[Task inputs — start]
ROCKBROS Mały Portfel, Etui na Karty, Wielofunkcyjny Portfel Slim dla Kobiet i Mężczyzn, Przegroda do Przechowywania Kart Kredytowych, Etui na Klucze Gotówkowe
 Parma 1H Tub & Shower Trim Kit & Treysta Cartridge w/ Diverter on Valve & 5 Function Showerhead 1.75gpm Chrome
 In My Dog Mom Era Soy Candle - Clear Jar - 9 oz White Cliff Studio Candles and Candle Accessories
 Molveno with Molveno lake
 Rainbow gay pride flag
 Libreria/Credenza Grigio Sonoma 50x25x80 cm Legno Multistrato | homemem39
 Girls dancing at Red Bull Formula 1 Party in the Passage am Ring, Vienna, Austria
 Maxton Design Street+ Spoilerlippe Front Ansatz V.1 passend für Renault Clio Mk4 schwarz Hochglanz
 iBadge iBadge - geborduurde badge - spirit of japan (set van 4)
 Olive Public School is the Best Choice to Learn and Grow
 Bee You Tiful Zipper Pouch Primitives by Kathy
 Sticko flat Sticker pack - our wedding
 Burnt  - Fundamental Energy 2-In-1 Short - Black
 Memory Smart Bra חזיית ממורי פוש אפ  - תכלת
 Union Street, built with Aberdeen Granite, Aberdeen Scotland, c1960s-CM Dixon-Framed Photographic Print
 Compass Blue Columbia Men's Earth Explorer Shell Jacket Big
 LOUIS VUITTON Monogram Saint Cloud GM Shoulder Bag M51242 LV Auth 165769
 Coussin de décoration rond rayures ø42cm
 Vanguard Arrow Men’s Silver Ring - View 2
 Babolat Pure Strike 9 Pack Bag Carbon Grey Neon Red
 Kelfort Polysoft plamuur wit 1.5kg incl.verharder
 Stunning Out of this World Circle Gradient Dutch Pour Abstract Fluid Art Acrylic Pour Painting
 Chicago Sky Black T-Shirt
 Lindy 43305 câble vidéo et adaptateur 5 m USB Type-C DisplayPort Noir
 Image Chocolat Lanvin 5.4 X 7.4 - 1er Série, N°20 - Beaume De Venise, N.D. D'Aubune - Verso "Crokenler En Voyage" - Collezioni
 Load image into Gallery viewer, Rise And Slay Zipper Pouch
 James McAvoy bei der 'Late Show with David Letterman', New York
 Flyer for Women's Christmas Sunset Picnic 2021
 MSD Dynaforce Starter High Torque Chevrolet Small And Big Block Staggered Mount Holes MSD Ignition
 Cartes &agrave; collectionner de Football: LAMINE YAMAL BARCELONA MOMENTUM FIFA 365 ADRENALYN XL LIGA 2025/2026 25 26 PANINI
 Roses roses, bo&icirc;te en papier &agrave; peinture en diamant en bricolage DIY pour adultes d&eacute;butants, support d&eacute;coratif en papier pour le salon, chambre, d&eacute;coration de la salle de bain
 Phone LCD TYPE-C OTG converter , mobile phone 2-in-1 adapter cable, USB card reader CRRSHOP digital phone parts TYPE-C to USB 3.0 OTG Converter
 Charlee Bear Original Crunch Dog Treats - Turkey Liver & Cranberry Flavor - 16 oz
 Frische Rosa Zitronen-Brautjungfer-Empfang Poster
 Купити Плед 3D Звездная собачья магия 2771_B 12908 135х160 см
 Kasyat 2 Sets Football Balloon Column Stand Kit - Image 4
[Task inputs — finish]
Work instructions
Retype each of the records, word for word, with nothing added or dropped.

Solution for this exercise
ROCKBROS Mały Portfel, Etui na Karty, Wielofunkcyjny Portfel Slim dla Kobiet i Mężczyzn, Przegroda do Przechowywania Kart Kredytowych, Etui na Klucze Gotówkowe
 Parma 1H Tub & Shower Trim Kit & Treysta Cartridge w/ Diverter on Valve & 5 Function Showerhead 1.75gpm Chrome
 In My Dog Mom Era Soy Candle - Clear Jar - 9 oz White Cliff Studio Candles and Candle Accessories
 Molveno with Molveno lake
 Rainbow gay pride flag
 Libreria/Credenza Grigio Sonoma 50x25x80 cm Legno Multistrato | homemem39
 Girls dancing at Red Bull Formula 1 Party in the Passage am Ring, Vienna, Austria
 Maxton Design Street+ Spoilerlippe Front Ansatz V.1 passend für Renault Clio Mk4 schwarz Hochglanz
 iBadge iBadge - geborduurde badge - spirit of japan (set van 4)
 Olive Public School is the Best Choice to Learn and Grow
 Bee You Tiful Zipper Pouch Primitives by Kathy
 Sticko flat Sticker pack - our wedding
 Burnt  - Fundamental Energy 2-In-1 Short - Black
 Memory Smart Bra חזיית ממורי פוש אפ  - תכלת
 Union Street, built with Aberdeen Granite, Aberdeen Scotland, c1960s-CM Dixon-Framed Photographic Print
 Compass Blue Columbia Men's Earth Explorer Shell Jacket Big
 LOUIS VUITTON Monogram Saint Cloud GM Shoulder Bag M51242 LV Auth 165769
 Coussin de décoration rond rayures ø42cm
 Vanguard Arrow Men’s Silver Ring - View 2
 Babolat Pure Strike 9 Pack Bag Carbon Grey Neon Red
 Kelfort Polysoft plamuur wit 1.5kg incl.verharder
 Stunning Out of this World Circle Gradient Dutch Pour Abstract Fluid Art Acrylic Pour Painting
 Chicago Sky Black T-Shirt
 Lindy 43305 câble vidéo et adaptateur 5 m USB Type-C DisplayPort Noir
 Image Chocolat Lanvin 5.4 X 7.4 - 1er Série, N°20 - Beaume De Venise, N.D. D'Aubune - Verso "Crokenler En Voyage" - Collezioni
 Load image into Gallery viewer, Rise And Slay Zipper Pouch
 James McAvoy bei der 'Late Show with David Letterman', New York
 Flyer for Women's Christmas Sunset Picnic 2021
 MSD Dynaforce Starter High Torque Chevrolet Small And Big Block Staggered Mount Holes MSD Ignition
 Cartes &agrave; collectionner de Football: LAMINE YAMAL BARCELONA MOMENTUM FIFA 365 ADRENALYN XL LIGA 2025/2026 25 26 PANINI
 Roses roses, bo&icirc;te en papier &agrave; peinture en diamant en bricolage DIY pour adultes d&eacute;butants, support d&eacute;coratif en papier pour le salon, chambre, d&eacute;coration de la salle de bain
 Phone LCD TYPE-C OTG converter , mobile phone 2-in-1 adapter cable, USB card reader CRRSHOP digital phone parts TYPE-C to USB 3.0 OTG Converter
 Charlee Bear Original Crunch Dog Treats - Turkey Liver & Cranberry Flavor - 16 oz
 Frische Rosa Zitronen-Brautjungfer-Empfang Poster
 Купити Плед 3D Звездная собачья магия 2771_B 12908 135х160 см
 Kasyat 2 Sets Football Balloon Column Stand Kit - Image 4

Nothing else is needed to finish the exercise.